My favourite political thinker is Alexis de Tocqueville, and I just came across one of his great quotations from "Democracy in America", 1835 again. I used to have it hang on a poster in my room:
"In democratic countries, knowledge of how to combine is the mother of all other forms of knowledge; on its progress depends that of all the others."
It's true for knowledge, and it's true for people and processes. And it's about HOW - can't get much better in my book!
BTW, it's from Book II, Chapter 5 about Public Associations in Civil Life.
I saw that Marshall Ganz, a long time organizer and Harvard Kennedy School of Government professor, is supposed to have translated this to the Obama campaign, in a perspective that mirrors my own take on people in relationships to one another who begin to relate themselves to a common purposes and a common goal:
"We may be finally be coming to understand what De Tocqueville saw - the promise of democratic politics is in people's ability to enter into relationships with one another to articulate common purposes and act on them.
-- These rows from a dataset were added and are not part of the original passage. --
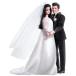 Elvis and Priscilla Barbie(Сӡ) Doll Giftset ɡ ͷ ե奢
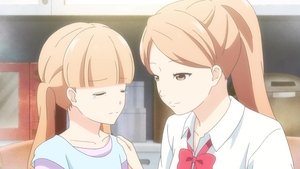 3D Kanojo: Real Girl 2 – Episódio 08 – Sobre Quando Meu Amigo e Minha Talvez Amiga Se Tornou Oficial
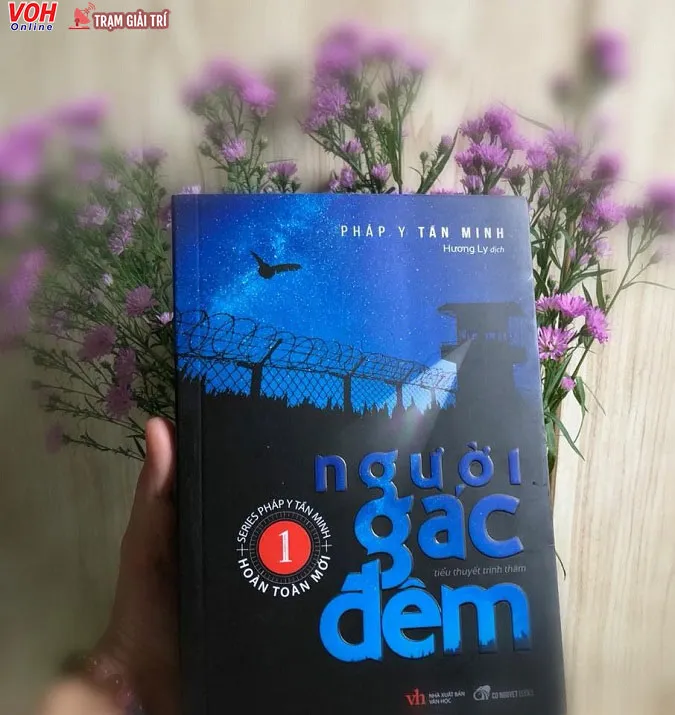 Người Gác Đêm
Organizing to bring people back into politics is not a cost, but it is an investment - an investment in rebuilding the infrastructure of our public life that has been under assault for far too many years."
Oh, and please do check out the Practicing Democracy Network at Harvard KSG. Their "mission is to develop leaders committed to practicing democracy - engaging fellow citizens in collective action." I'll have to go and look for fellow Germans to set up such a network over here!